One solution to manage system resources in multi-user environments is through cgroups (control groups). Cgroups are a Linux kernel feature that allows administrators to allocate and limit system resources like CPU, memory, disk I/O, and network bandwidth for process groups. Think of cgroups as virtual containers that enforce resource rules, ensuring critical applications get what they need while preventing others from overusing the system.

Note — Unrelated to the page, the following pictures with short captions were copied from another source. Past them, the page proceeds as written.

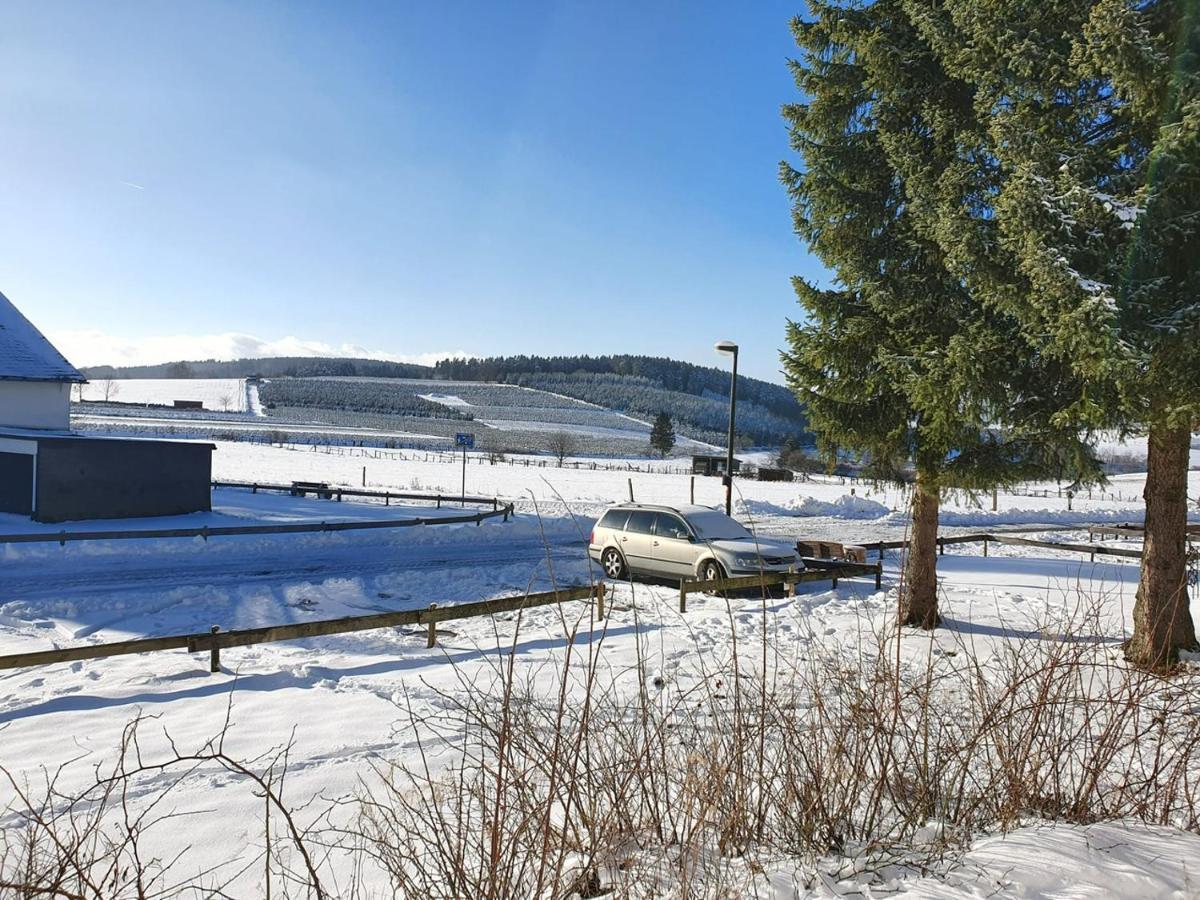 Ferienhaus Kuestelnest Медебах Екстериор снимка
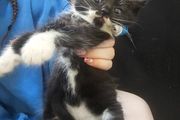 kittens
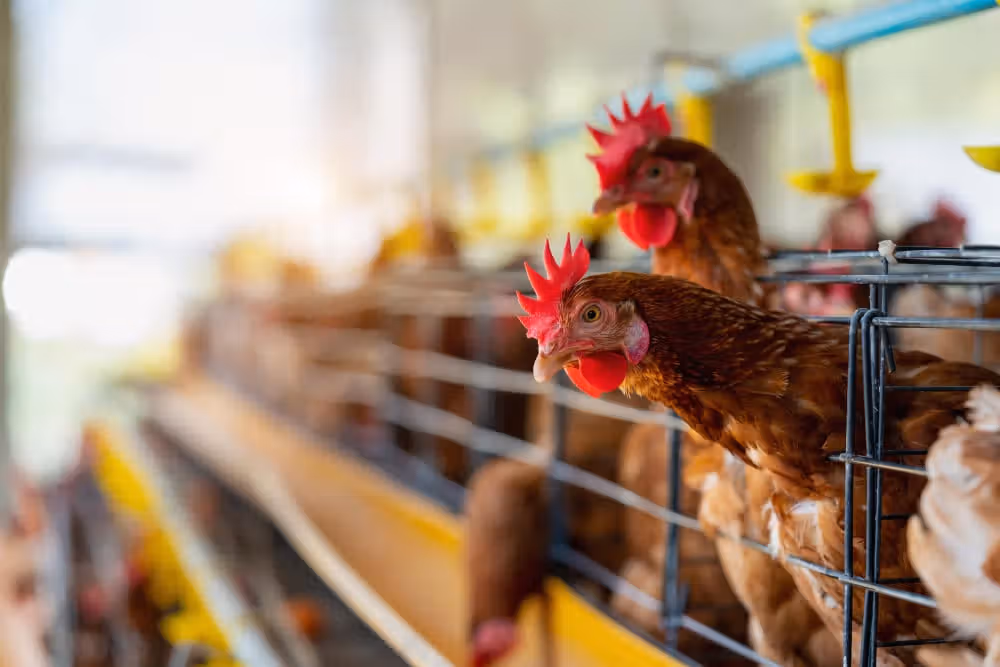 Prix du poulet : le kilo grimpe jusqu’à 24 DH à Casablanca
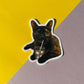 Sticker of a cat holding a drink with a straw on a yellow and pink background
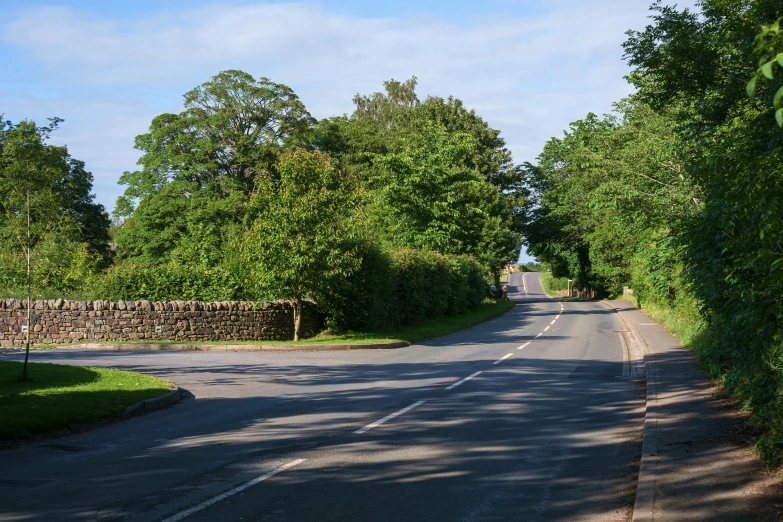 a tree lined street with a fence and trees next to it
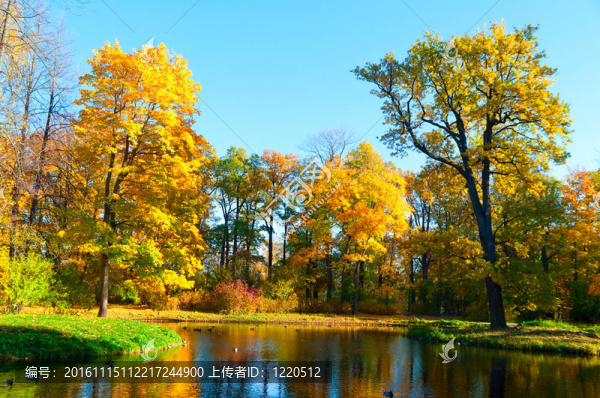 秋天的公園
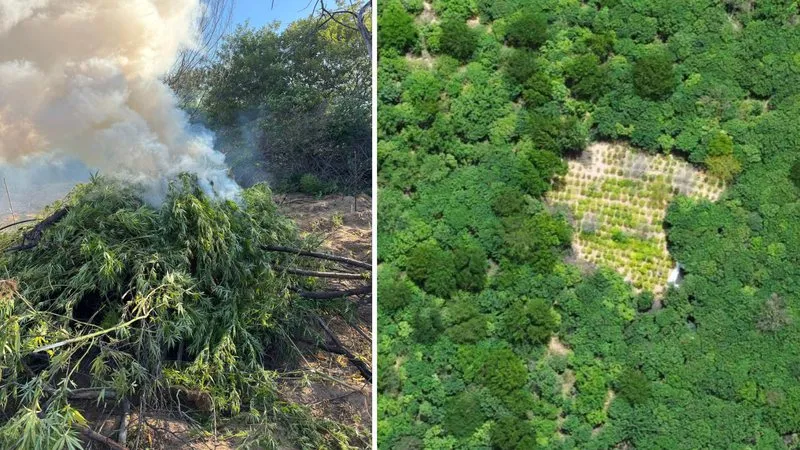 Polícia Militar erradica mais de 4 mil pés de maconha em Casa Nova, no norte da Bahia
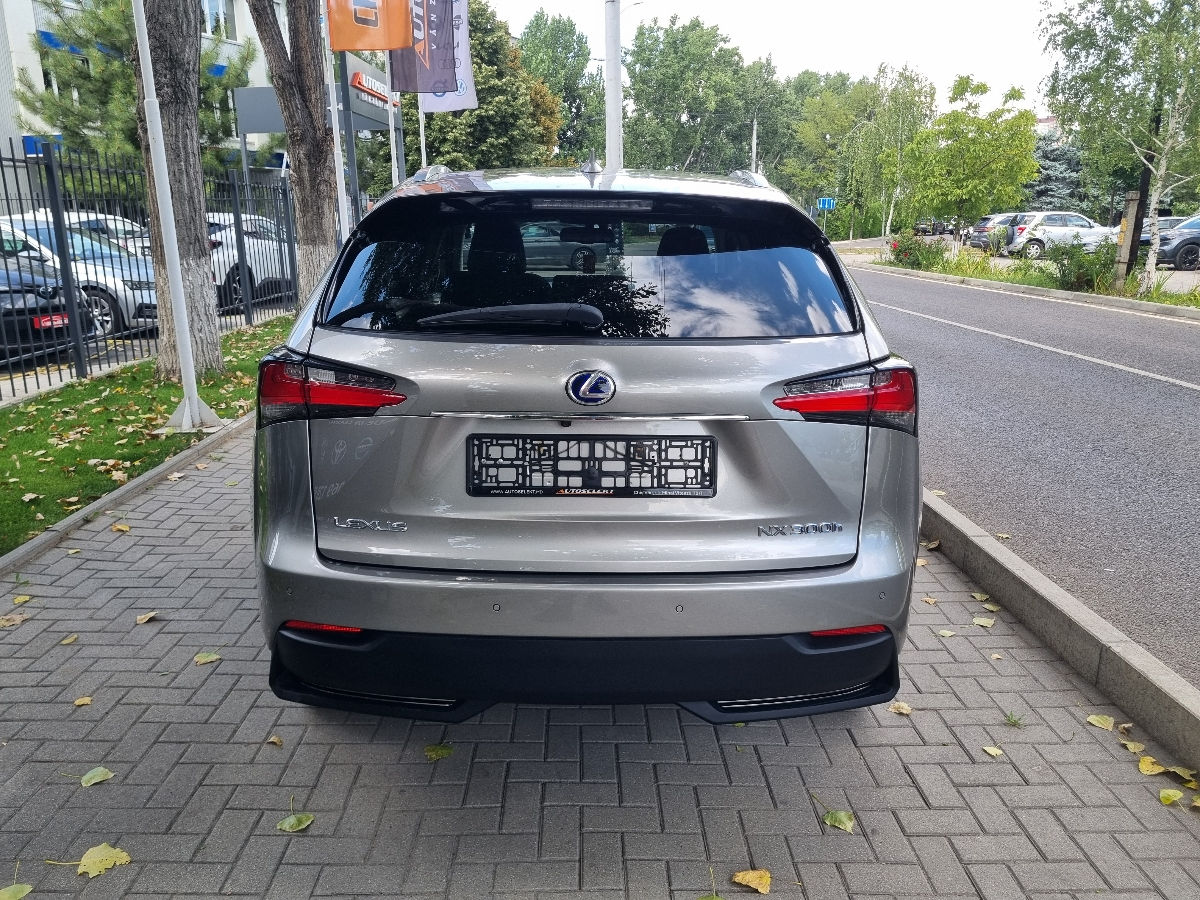 Lexus NX Series 2014 photo 6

In multi-session environments, where users compete for resources, cgroups help maintain stability. If a process exceeds its memory limit, it is terminated by the Out-of-Memory (OOM) killer, while excessive CPU usage is throttled. However, even with cgroups, resource contention can still occur. If an extra user logs in beyond the system’s capacity, the increased demand can degrade performance for everyone, potentially slowing down or crashing critical applications.

While CPUs and system memory are designed to handle multi-user workloads, GPUs are generally not. GPUs excel at parallel computations, making them essential for scientific modeling, AI training and rendering tasks. However, many GPU-accelerated applications are designed with the assumption that they have exclusive access to the GPU and its full pool of memory. This lack of flexibility can lead to memory allocation issues that become a major problem in multi-session environments. VirtualGL offers a potential workaround for classic rendering and real-time graphics, but in many situations enforcing a hard limit of one user per GPU may be necessary to avoid resource conflicts.

$ sudo /opt/thinlinc/bin/tl-config \
       /vsmserver/subclusters/Default/max_users_per_agent=1

In ThinLinc clusters, the lack of memory-sharing capability can affect both stability and user experience. We’ve seen growing customer demand for solutions that enforce hard limits on the number of users per agent to prevent resource conflicts. As mentioned in Introducing ThinLinc 4.18.0, ThinLinc 4.18 introduces a feature to limit concurrent users per agent in a subcluster. Configurable through both the web-based administration interface and configuration files, this ensures the load balancer does not allow additional users to connect to an agent that has reached its user limit, preserving performance and preventing resource exhaustion. This capability, combined with cgroups for CPU and memory management, helps ensure fair distribution of computing power and prevents system overload. By enforcing these limits, multi-session environments can achieve better performance stability and an improved user experience.